_Exercise aim_.
Omit all pictures, then retype exactly the lines from the one that contains "Change of Type" through the end of the listing.

_ _ _ _

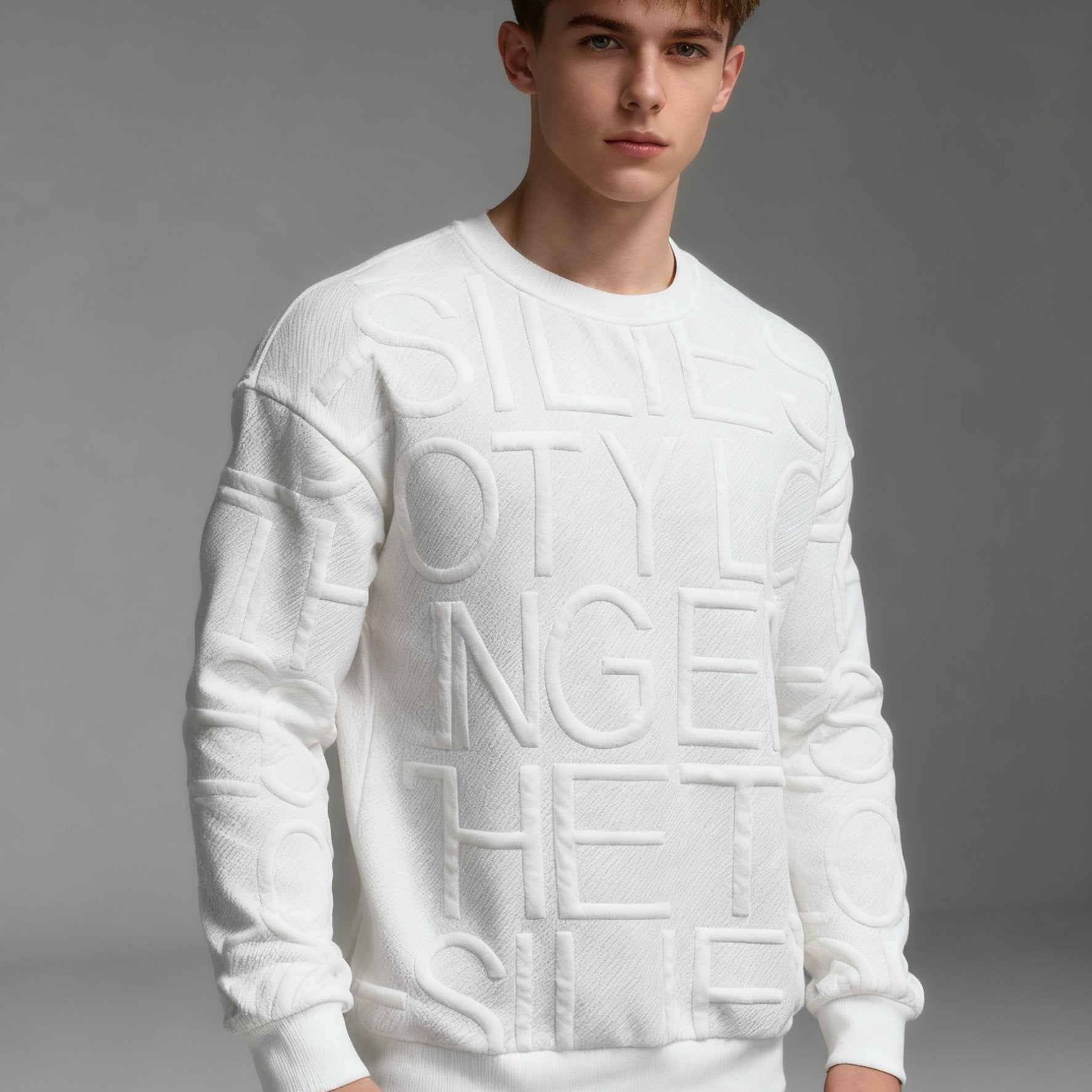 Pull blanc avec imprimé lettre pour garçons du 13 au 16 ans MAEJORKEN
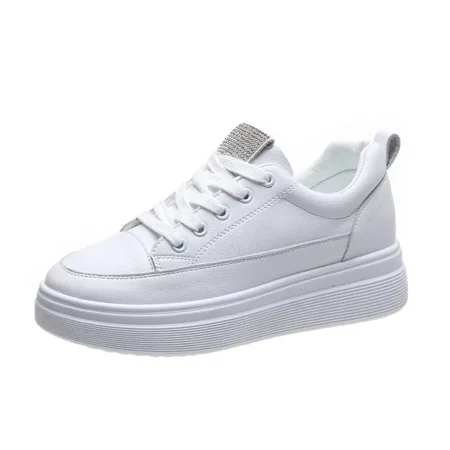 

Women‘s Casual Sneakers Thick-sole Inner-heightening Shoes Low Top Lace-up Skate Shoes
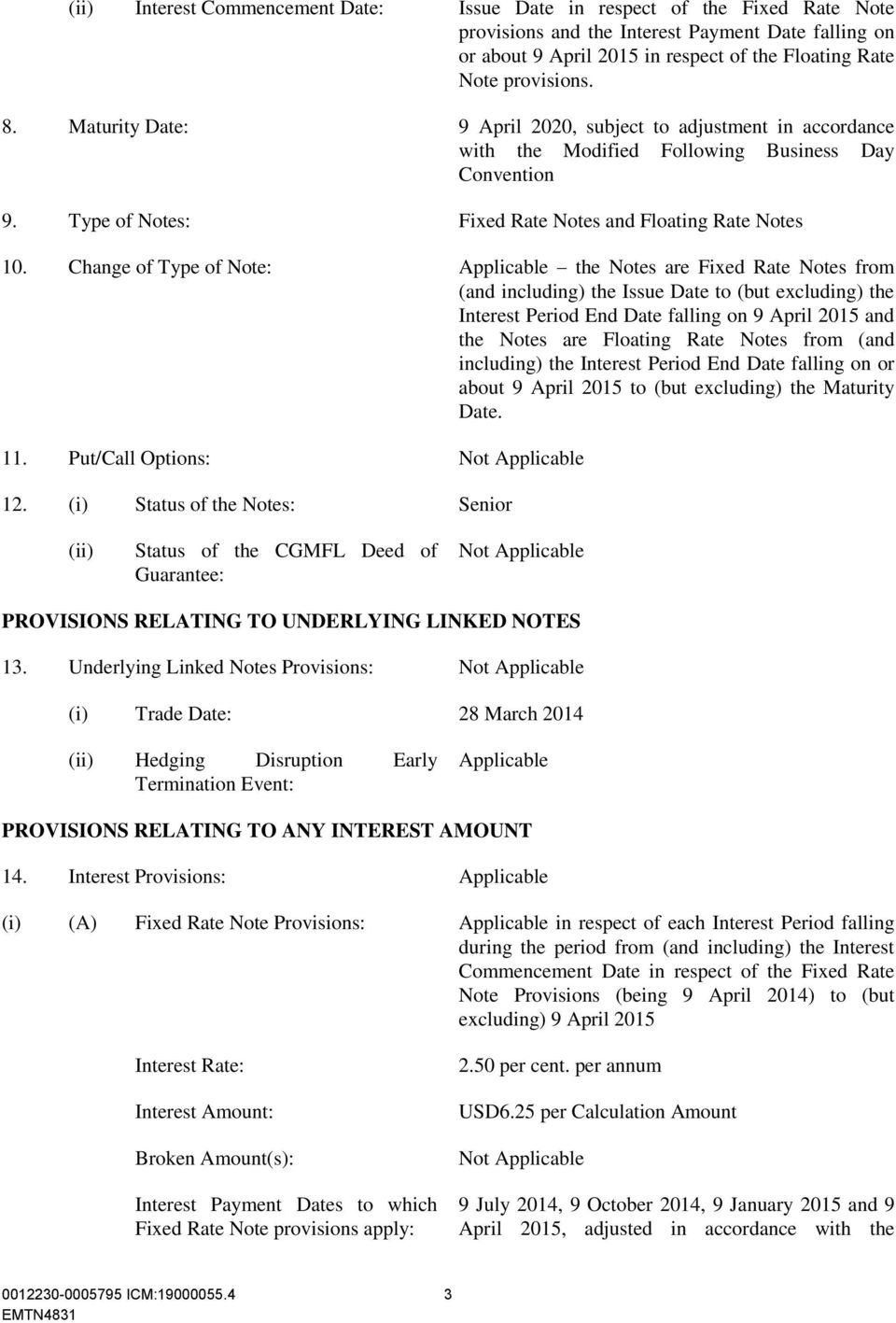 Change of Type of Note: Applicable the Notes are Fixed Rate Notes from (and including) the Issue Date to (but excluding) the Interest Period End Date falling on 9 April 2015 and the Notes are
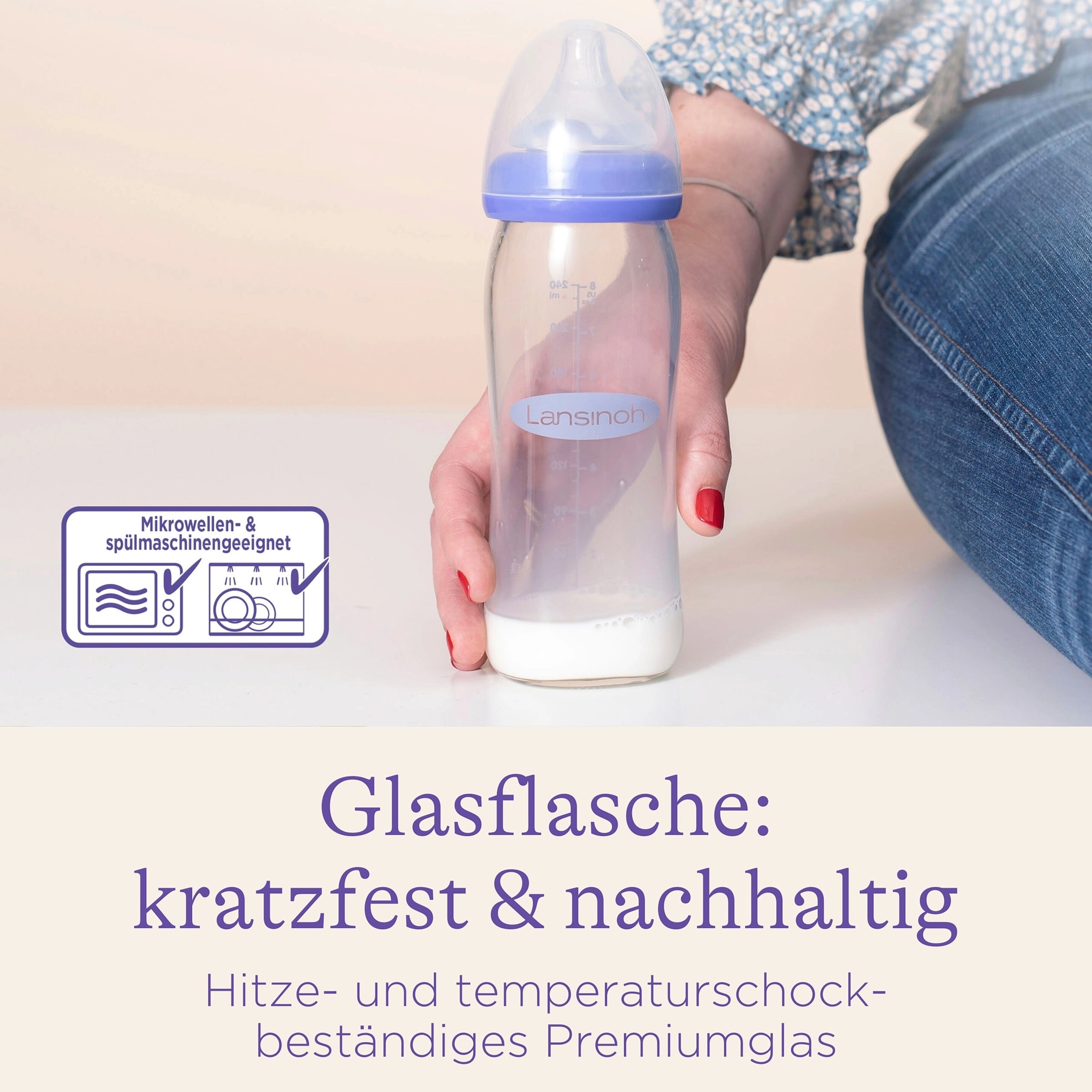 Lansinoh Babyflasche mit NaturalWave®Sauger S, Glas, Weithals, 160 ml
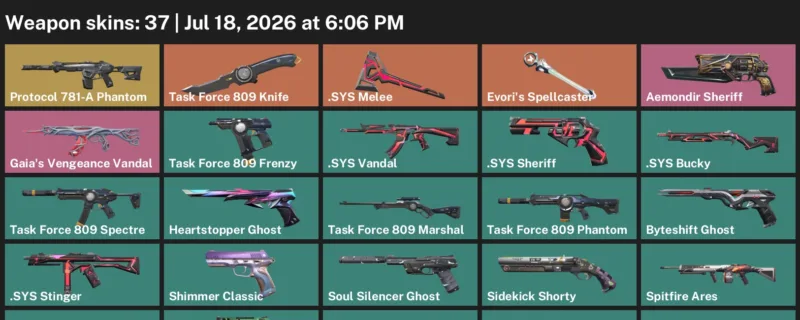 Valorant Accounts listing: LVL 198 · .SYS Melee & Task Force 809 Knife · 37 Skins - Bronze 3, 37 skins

_ _ _ _

_Finished task_.
 Change of Type of Note: Applicable the Notes are Fixed Rate Notes from (and including) the Issue Date to (but excluding) the Interest Period End Date falling on 9 April 2015 and the Notes are
 Lansinoh Babyflasche mit NaturalWave®Sauger S, Glas, Weithals, 160 ml
 Valorant Accounts listing: LVL 198 · .SYS Melee & Task Force 809 Knife · 37 Skins - Bronze 3, 37 skins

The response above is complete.